[SOLVED] Before I go to bed, have an interesting little number theory problem because I'm bored.

Suppose $p$ is an odd prime. Show that $$\large\left(\left(\frac{p-1}{2}\right)!\right)^2\equiv(-1)^{\frac{p+1}{2}}\pmod{p}$$

(The whole factorial is squared)

Question

[SOLVED] Before I go to bed, have an interesting little number theory problem because I'm bored.

Suppose $p$ is an odd prime.

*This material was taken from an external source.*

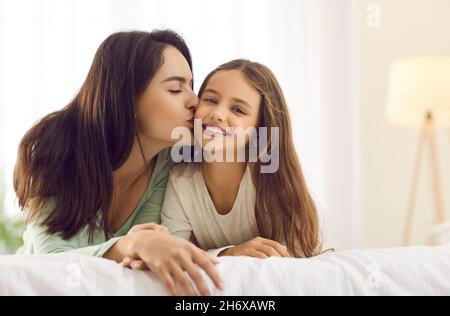 Glückliche Mutter küsst ihre hübsche kleine Tochter, während sie sich zu Hause auf einem Bett kuschelt Stockfoto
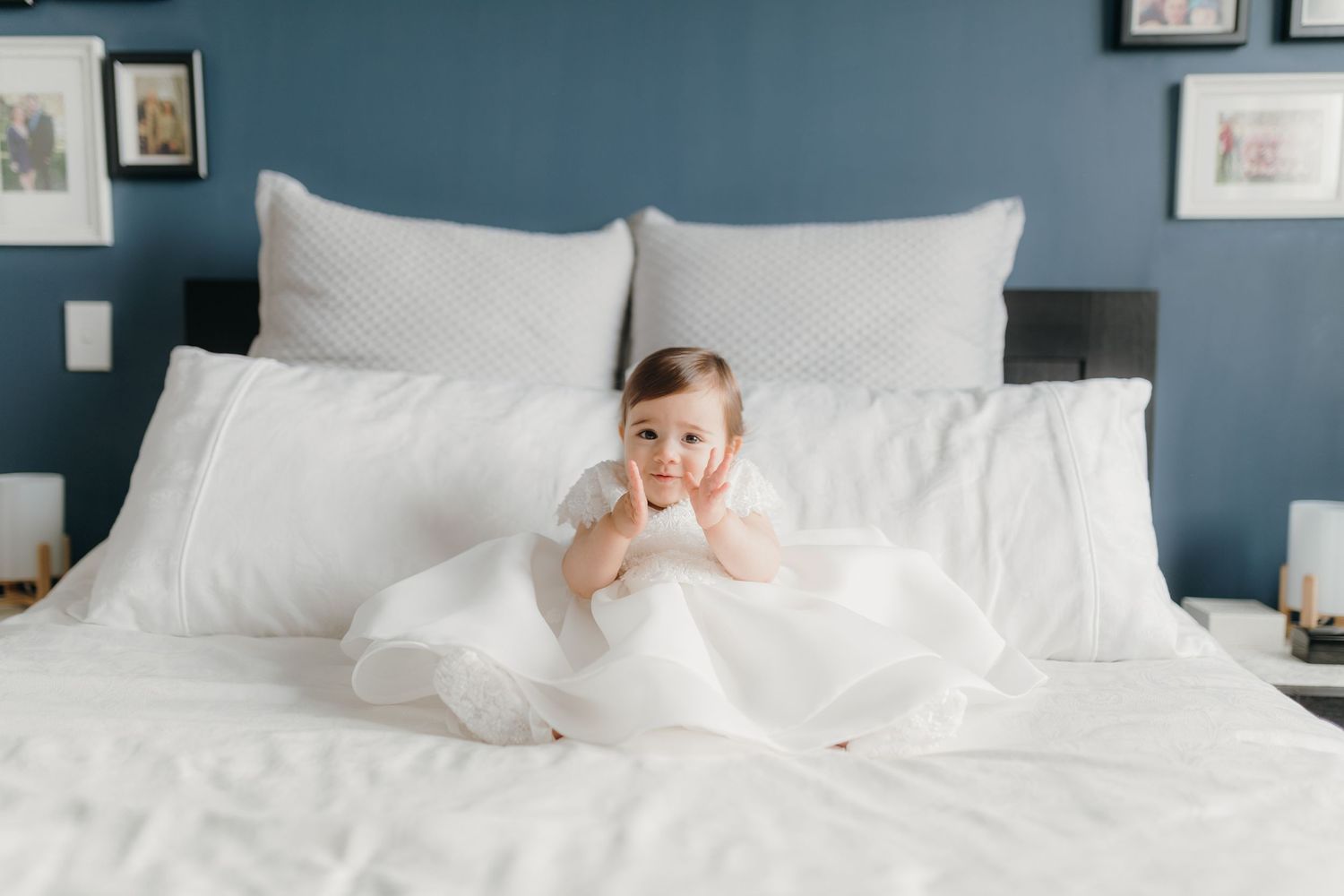christening photos of baby girl on bed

Show that $$\large\left(\left(\frac{p-1}{2}\right)!\right)^2\equiv(-1)^{\frac{p+1}{2}}\pmod{p}$$

(The whole factorial is squared)

anonymous · Answer

First note that:$$\left(\left(\frac{p-1}{2}\right)!\right)^2 = \left(1\cdot2\cdot 3\cdots \frac{p-1}{2}\right)\left(1\cdot2\cdot 3\cdots \frac{p-1}{2}\right)$$Since we are looking at things mod p, we see that:$$1 = -(p-1),2 = -(p-2),\ldots , \frac{p-1}{2}=-\left(\frac{p-1}{2}+1\right)$$This gives us:$$\left(1\cdot2\cdot 3\cdots \frac{p-1}{2}\right)\left(1\cdot2\cdot 3\cdots \frac{p-1}{2}\right)$$$$=\left(1\cdot2\cdot 3\cdots \frac{p-1}{2}\right)\left(-\left(\frac{p-1}{2}+1\right)\cdots -(p-1)\right)$$$$=(-1)^{\frac{p-1}{2}}(p-1)!$$After this, an application of Wilson's Theorem will do the trick.

kinggeorge · Answer

Perfect solution.